The problem with using a visitor as an excuse to host a dinner party, however, is that when I have a visitor I don't really have the time to cook a meal for a crowd, as I'm spending my days having a nice visit and using my guest as an excuse to see the Twin Cities (Glenn and I went to Stillwater on Saturday). I can still host a party, though -- takeout from the Rainbow Chinese restaurant is always a good thing (and my dinner guests are always very kind about ordering and picking up the food for me on their way over), or an assortment of pizzas from Pizza Luce (I can make my own salad and dressing). Plus dessert is something I can buy in advance, as are beverages. The only time I managed to cook a big meal for a guest of honor the guest (in that case bconn) wasn't actually staying with me and I took the afternoon off work to do it.
So I've really got to get my act together about having dinner parties just for the sake of having dinner parties. I may impose some artificial schedule for myself, like monthly, which might help me get out of the "yeah someday" rut. That way the calendar will be the excuse, as if my guest of honor is some Druidic deity.
One reason I like having people over is that I've discovered over the years that despite the best of intentions I never really clean my place (other than the kitchen) in more than the most perfunctory fashion unless I'm having visitors or guests. If you came to my place you'd definitely get a sense of clutter, but believe me what you'd see is nothing compared to the level of clutter one week before your arrival. I still feel inadequate that even after the pre-guest cleaning my place is never particularly spotless, but I'm learning that for the most part my guests don't really care -- or if they do, they keep their complaints to themselves, which amounts to the same thing from my point of view.

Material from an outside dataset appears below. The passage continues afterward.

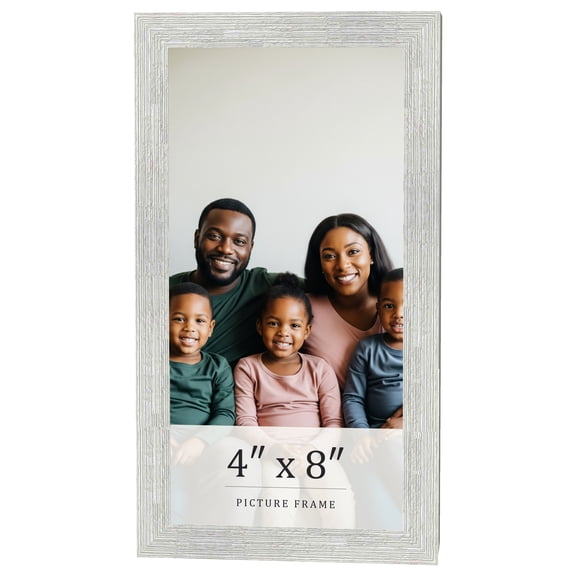 4x8 In Frame White Real Wood Picture Frame Width 1.5 inches | Interior Frame Depth 0.5 inches |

But the absolute biggest reason I like having people over feels so adolescent and neurotic, but I'm going to admit to it anyway. There's a part of me that always thinks I'm the ultimate outsider, that nobody would want to come to my party, and I'm just opening myself up to disappointment if I invite people over. And yet I have found the most amazing thing of all: All I ever have to do is invite people for dinner and they say, "Yes, I'd love to come! Thanks for asking me!" Just like that! Pretty much every time. Of course, I usually have the excuse thing going (to see my friend from Australia, to meet my visiting parents...), but I'm pretty sure that's not the only reason.
And by that I don't necessarily mean "because people love me", which is what it seems like I'm leading to here. No, I find that people really enjoy the old-fashioned formerly-common institution of the dinner party. Get 8 or 10 or 12 people together who don't necessarily all know each other and give them beverages and delicious food and they will have a good time. The sit-down dinner works much better for this than a general "party" -- you can't really be a wallflower at a dinner like this. I'm very fortunate that my apartment does seem to work very well for dinner parties. There were twelve on Saturday, which is definitely a stretch -- we're a little bit crowded around the table at that number -- but nobody seemed to mind in the slightest.
The bulk of my guests on Saturday arrived at the same time, and it was as if a tidal wave of life splashed into my living quarters. Suddenly there was laughter and noise and conversation and joy. I was a little overwhelmed at trying to be sure everybody had wine or beer or fruit juice or water, but my friends Matt and Deb took over the food setup and all was fine. I truly am getting better about being a host without constantly badgering my guests about what they might need or want.
You know, we sat at that table for close to five hours. At times the conversation involved the whole group, at times people broke into smaller conversational units. Cleanup was communal and fun, although with takeout food the cleanup is relatively minimal. Most everybody at dinner on Saturday was a close friend, and a dinner like this decidedly cements those bonds of friendship.
So sometime in April I will have to do this again. Maybe I'll start small -- six people on a weeknight. Roasted chicken pieces with a rice-veggie pilaf side dish. Salad. Brownie sundaes. Sauvignon Blanc. Apple Rasberry juice and mineral water. Will I be able to put that meal together on the very night of the guests? Will I emerge from my laziness and see this through? Would you like to come?